The symposia of the American Modern Greek Studies Association (MGSA) are envied for their momentum, continuity, and exemplary organization. They are particularly useful for Modern Greek Studies because, in Greece, such conferences with a long tradition and intellectual depth do not exist, with the exception perhaps of some local venues. Although the programs of these symposia are currently not distributed (the last seven are available on the Association’s website: www.mgsa.org), they reflect the different trends and developments in the field of Modern Greek studies around the world.

For several years the conferences have had an open agenda, thus allowing researchers to engage with issues of their own interests, although all the abstract submissions along with the topics of proposed panels are reviewed anonymously and are evaluated by an academic committee. The organizational committees of the Association have given weight to efforts that highlight interdisciplinary symposia, attracting academics from different disciplines, such as linguists, historians, scholars of contemporary and classical literature, social and political scientists, experts in cinema or in cultural studies, and others.

This year’s presentations were focused on various subjects, from literature and national identity, language, and ideology, to political practices as resolutions to the situation of immigrants in Greece. Papers were also presented on issues that concern the Greek American community, the minority communities in Greece, the Greek Left’s relations with the sciences, translations of the Communist Manifesto, the Greek-Turkish friendship, even Greek cinema.

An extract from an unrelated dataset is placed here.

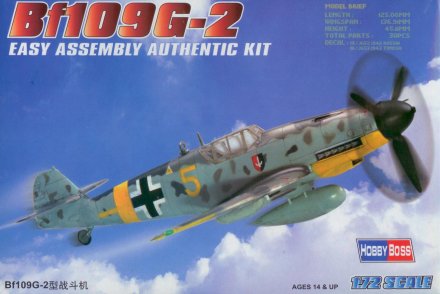 Plastikový model letadla Hobby Boss 80223 Bf109G-2 1:72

America, therefore, managed to accomplish in the field of Modern Greek Studies something that has thus far not been achieved elsewhere: the constructive cooperation of the Humanities and the Social Sciences. This is also evident in the journal published by the MGSA, the Journal of Modern Greek Studies, which hosts a variety of scholarly articles and whose editorial committee is comprised of representatives from both the Humanities and the Social Sciences. This does not imply a diluting of specialized skills or a lack of scholarly depth. On the contrary, contemporary needs and circumstances require an academic community that is creative and imaginative. No science can survive in closed confines; instead, sciences must feed into one another. Cultural studies now offer the common meeting ground of heterogeneous scientific trends and methods, especially as the study of modern Greece increasingly requires the synergy of different disciplines. With hard work and collective effort, the Modern Greek Studies Association has, in its basic structure, succeeded in operating on this epistemological basis.

As the Association’s President, Dr. Stathis Gourgouris (Columbia University), stated: “My goal from the beginning was the autonomy of the committees, reducing bureaucracy, and forging a closer relationship between the Association and Greek intellectuals, academics, and graduate students”--something quite visible throughout the symposium. The symposia of the Modern Greek Studies Association of North America offer an opportunity for many graduate students and young scholars to present their work and feel part of a wider academic community. Notably, many people make the special trip to present at these meetings, despite the difficult economic situation; they confirm that they have more opportunities to make presentations outside of Greece than they do within. Clearly, the Modern Greek Studies Association of North America is covering gaps that still exist in Greece.

On the other side of the Atlantic seems to blow a wind of creativity which, in spite of times of austerity, offers favorable opportunities for young scholars, women, and students.

Nicholas Alexiou is a poet, and Assistant Professor of Sociology in the Department of Sociology, Queens College, CUNY.